Code Structure Changes:
  • Addition of L_SqueezeboxTTS.lua file.  This is essentially a re-use (with permission) of lolodomo's library that is used in the Sonos and DLNA plug-ins.

Usability / Cosmetic Enhancements:
  • The Squeezebox Server Device now has UI to support the setting of defaults related to TTS.
  • The squeezebox Player Devices support a new action: "Say" (documented below)
  • The Squeezebox Player Device(s) now has UI support to test the Say action


To install the beta, (on either UI5 or UI7):

  • Please upgrade to the official 2.0 version from the app store if you have not done so already.  Make sure your server device and one or more player devices are functioning properly.
  • download the attached zip, and upload all of the included files to Vera. ( Apps-->Develop Apps-->luup files). Make sure the check-box for "restart..." has a check mark in it.
  • After the luup restart, refresh your bowser (press F5)

Set-up:
The Text to speech engine supports googles "non official" API, and the OSX TTS engine.  I have exposed the same default settings that are exposed in the Sonos and DLNA plugins.  You access the default settings by going to the Squeezebox Server device, and going into the "Player Control" tab.  (Wrench in UI5, or the ">" button in UI7).

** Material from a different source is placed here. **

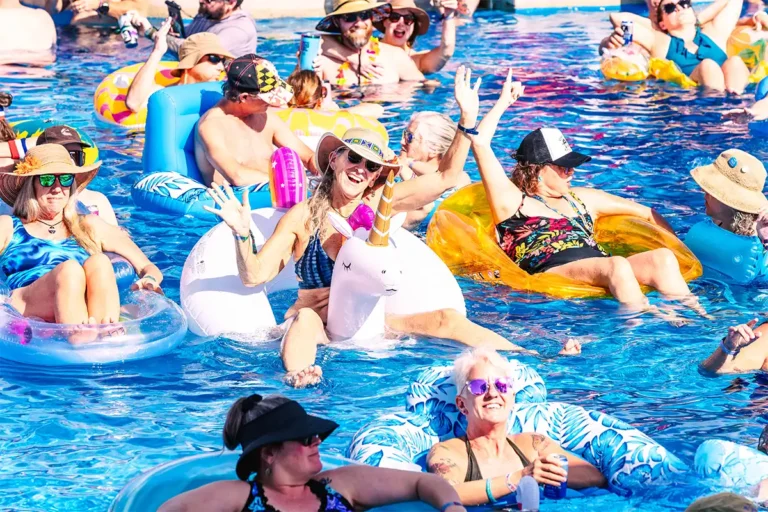 A guest on a unicorn shaped float with their hands up.
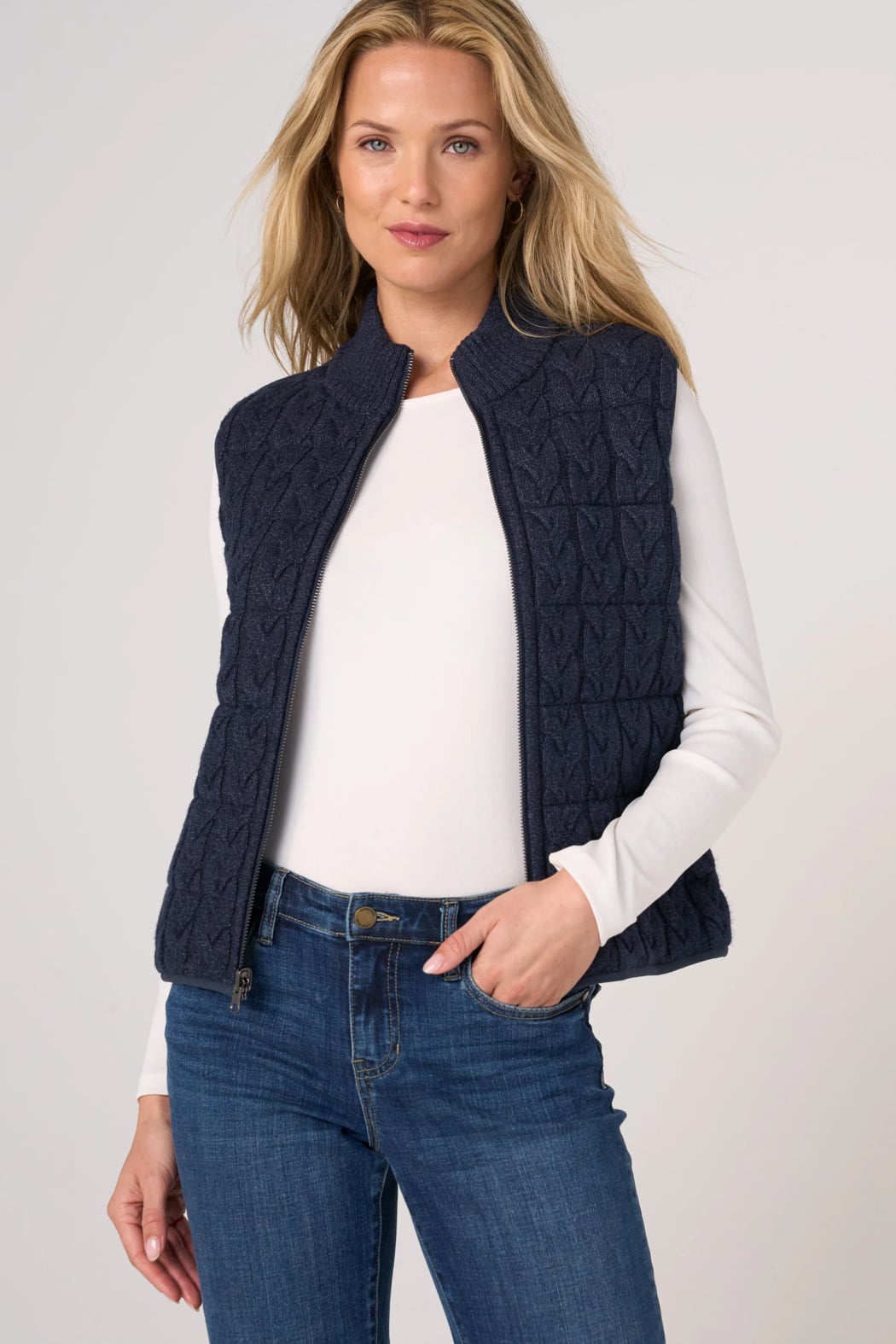 Liverpool Reversible Zip Front Quilted Sweater Vest in Heather Navy on blonde model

Here are the settings.  They will have defaults automatically populated (Language=en, Engine=GOOGLE, google URL=http://translate.google.com)  when the plug-in first installs.
  • Language:  This is the language code. In theory is should dictate the voice that is used and any dialect specific inflections.  I have tried some other dialect (like en-UK and en-AU), and they seem to work as intended.  Other language codes are reference here that you may want to try....your mileage may vary.   The current beta has an issue though where if you change the language setting (or server or URL settings) they don't go into effect until a luup restart.  This will be fixed prior to official release.
  • Default Engine:  Use GOOGLE's service, or your own Mac OSX TTS service if you are running one.  NOTE:  If your vera is set-up to be "secured", you will not be able to use google's service.
  • Google TTS Server URL: Some folks have gotten different voices by changing the url.
  • OSX TTS Server URL: If you're using an OSX server, the local url for that server.

Testing TTS
Go to one of your squeezebox player devices and to the "Player Control" tab.  (Wrench in UI5, or the ">" button in UI7).  Enter in some text in the box next to the "Test Say" button, and press the Test Say button.  You should hear the text-to-speech announcement at the volume level that is currently set for the device.

"Say" action

Action Name: Say
Service Name: urn:micasaverde-com:serviceId:SqueezeBoxPlayer1
Parameters:
  • Text   (the text to say)
  • Line1  (optional) The text to display on line one of your player as the message is being said
  • Line2  (optional) The text to display on line two of your player as the message is being said
  • Volume  (optional) Value from 0 to 100.  If omitted, the speech will be read at the current volume of your player device.
  • Language  (optional) the language code to use.  If omitted, the default value (see set-up above) will be used
  • Engine  (optional) Either "GOOGLE" or "OSX_TTS_SERVER"  If omitted, the default value (see set-up above) will be used.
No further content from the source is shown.